# How do you tell if a riser is BENT?!?!



## vpier (Jul 30, 2004)

Not sure what you are talking about? My Apple pro Extreme is designed for long risers(Hoyts) and presses in the limp pockets. I love my press. Who ever pressed the bow on the riser did not know what he /she was doing. Hoyt states that you cannot press directly on the Tec Riser.Its not Apples or Hoyts fault when a guy cant read the owners manual and uses the wrong press or presses there bow incorrectly.


----------



## xring_assassin (Jan 1, 2005)

The bulk of the new apple presses that I've come across in canada so far - without being modified - only place the rollers 20" MAX apart - riser on ultratec's I think (without measuring) are a hair over 24". I like the design of them, but if I were to buy one I'd be having a machinist or someone damn good with metal fab a new peice for the part the actually does the pushing down. 
There CAN'T be a hoyt dealer in every town and in this case I bought a USED bow here actually - and something just doesn't seem right with it. If it's history included ONE trip to a dealer that has "whatever" (so sorry i insulted someone with an actual GOOD appple press) for a press - and the shop owner makes the call "ah well it didn't hurt the last bow" and just presses the life out of it anyway without KNOWING "oh these new bows can't be pressed on the riser" - who's at fault? The guy that owned it before me who left it there to get the string replaced or the shop owner (if this is what happened) who did the pressing without knowing there would be something wrong with pressing 2" in on either end of the riser?
That's not the point - my point - apple presses - from what I can see so far - are NOT designed to press long riser bows, yet they're CHEAP so they're rising in popularity.
Back to my question and main point - how do you tell if a riser is SLIGHTLY bent?


----------



## vpier (Jul 30, 2004)

xring_assassin said:


> The bulk of the new apple presses that I've come across in canada so far - without being modified - only place the rollers 20" MAX apart - riser on ultratec's I think (without measuring) are a hair over 24". I like the design of them, but if I were to buy one I'd be having a machinist or someone damn good with metal fab a new peice for the part the actually does the pushing down.
> There CAN'T be a hoyt dealer in every town and in this case I bought a USED bow here actually - and something just doesn't seem right with it. If it's history included ONE trip to a dealer that has "whatever" (so sorry i insulted someone with an actual GOOD appple press) for a press - and the shop owner makes the call "ah well it didn't hurt the last bow" and just presses the life out of it anyway without KNOWING "oh these new bows can't be pressed on the riser" - who's at fault? The guy that owned it before me who left it there to get the string replaced or the shop owner (if this is what happened) who did the pressing without knowing there would be something wrong with pressing 2" in on either end of the riser?
> That's not the point - my point - apple presses - from what I can see so far - are NOT designed to press long riser bows, yet they're CHEAP so they're rising in popularity.
> Back to my question and main point - how do you tell if a riser is SLIGHTLY bent?

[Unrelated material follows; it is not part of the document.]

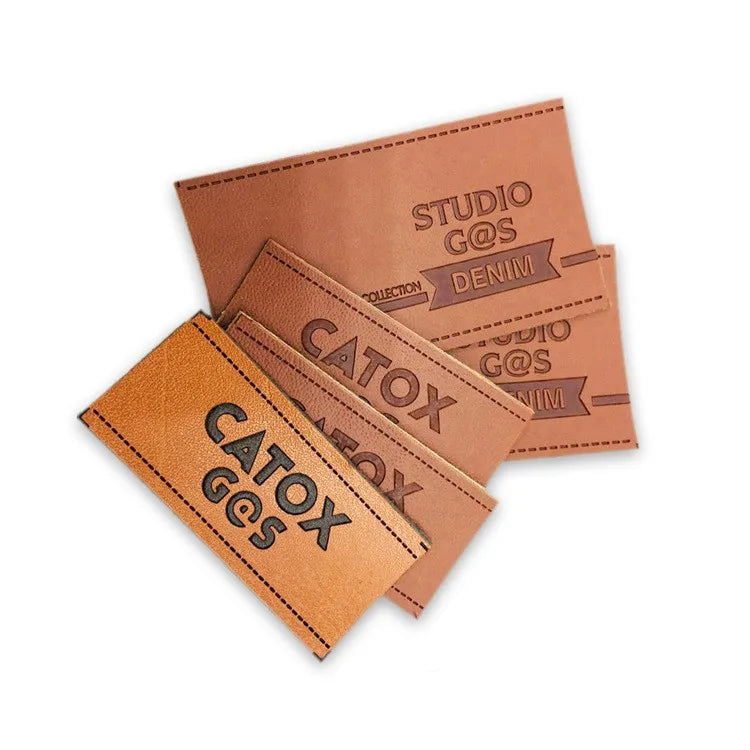 Eco-friendly Custom Printing Debossed Brand Logo Tag Luxury Denim Pu Leather Patches With Size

And Im telling you that the Pro Extreme was made for bows like Hoyts. You have models of Apples that shouldnt be used on Hoyts but they do make models that are desined for long riser. One more thing, my Apple press was not cheap.


----------



## xring_assassin (Jan 1, 2005)

That's a good answer for how I can tell if a riser is slightly bent - you've been a GREAT assistance. Anyone else please?

FYI pro extreme is NOT a common press to find thanks to so many bows being stubby parrallel limb creations now - and even Lancaster sells the pro etreme right around the $300 mark - that's not much. I DON'T CARE ABOUT YOUR DAMN PRESS!!!


----------



## tmarch (Jun 7, 2002)

And with that attitude I'm sure he cares about your bent riser.


----------



## xring_assassin (Jan 1, 2005)

SHEEEEEEEEEEEEEEEEEEEEEEEEESH Did someone *urinate* in everyone's cornflakes this morning? Even the dog on this site is snippy today.  LOL

There's GOTTA be a way to tell - that's ALL I wanna know!!

I'm NOT blaming Hoyt for making crappy bow - THEY DON'T MAKE CRAP!!

I'm NOT blaming anyone for making crappy presses - just saying that presses NOT designed for long riser bows are becoming VERY common place - thus one is able to ASSUME damage to improperly pressed bows must be on the rise.

I'm wanting info on what to look for as indicators a riser is bent. My apologies for using too many "big words".

This also might just be an issue that a limb is twisted or something. Bow shoots good BUT something "bugs my eyes" when it's hanging on the rack by my other hoyt's. THAT'S WHY I say something just "isn't right".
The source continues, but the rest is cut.